# Density given by variable-coefficient PDE

I am looking for a time-dependent probability density $f(x,y,t)$ solving the equation $$-\frac{\partial f}{\partial t} = \alpha\cdot \big(y - F(x)\big)\frac{\partial f}{\partial x}+\beta\cdot \big(G(y)-x\big)\frac{\partial f}{\partial y},$$ where the coefficient functions $F$ and $G$ given by\begin{align}F(x) &= a_0 + a_1 x + o(x - x^{0}),\\ G(y) &=b_0 + b_1y + o(y-y^{0}).\end{align}

My question is: What general class of equations does this PDE belong to, and what would be your angle of attack on such problem (if it makes sense at all)?

Remark I: Under the assumption of existence of a solution, my initial angle of attack was to rewrite the equation as $$i \frac{\partial f}{\partial t} = L\,f$$ where $L$ is an operator acting on $f$ given by $L = -i\left[\alpha\big(y - F(x)\big)\frac{\partial}{\partial x}+\beta\big(G(y)-x\big)\frac{\partial}{\partial y}\right]$. Then - I suppose - we can formally express the density $f$ as $$f(x,y,t)=\sum_k c_ke^{-i\lambda_k t}\varphi_k(x,y),$$ where $\lambda_k$ and $\varphi_k$ are the eigenvalues and eigenfunctions corresponding to the operator $L$. I am thus led to considering the equations $$L(\varphi_k) = \lambda_k\,\varphi_k$$ and swap the solutions $\varphi_k$ and $\lambda_k$ back the into the formal solution.
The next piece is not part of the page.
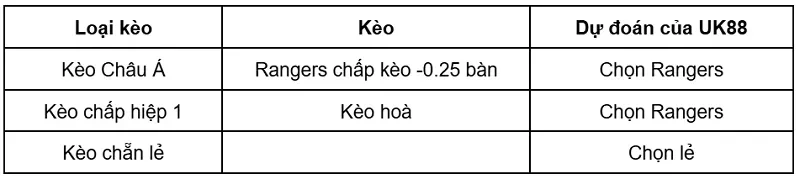 keo-nha-cai-jagiellonia-bialystok-vs-rangers-uk88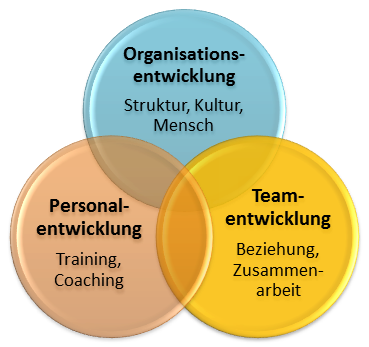 Dreiklang Organisations- Personal- Teamentwicklung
But I have not been able to find the eigenfunctions, perhaps my patience was too short.

Remark II: A necessary condition, I suppose, for the existence of a density solving the PDE is the existence of curves $x$ and $y$ solving the "predator-prey" equations $$\frac{dx}{dt} = \alpha\cdot (y - F(x)),\qquad \frac{dy}{dt} = \beta\cdot (G(y)-x).$$ If we neglect the little-o terms, by putting them equal to zero (is that completely illegal?), the curves $x$ and $y$ are given by \begin{align}x(t) &=-\frac{a^0}{a^1} + C_1 e^{-a^1\mu t} + \frac{1}{1-a^1}\left[\frac{b^0}{b^1}+\frac{a^0}{a^1b^1}-C_2 e^{b^1\lambda t}-\frac{C_4}{b^1}e^{-a^1\mu t}\right]\\ y(t) &= \frac{a^1}{1-a^1}\left[\frac{b^0}{b^1}+\frac{a^0}{a^1b^1}-C_5 e^{b^1\lambda t}-\frac{C_6}{b^1}e^{-a^1\mu t}\right] \end{align} where $C_1$, $C_2$, $C_3$, $C_4$, $C_5$, and $C_6$ are arbitrary constants.

The temporal part is easy. Since there is no explicit time dependence on the RHS f is seperable as far as f(x,y,t)= R(x,y)T(t). With a separation constant of k, T= $e^{-kt}$.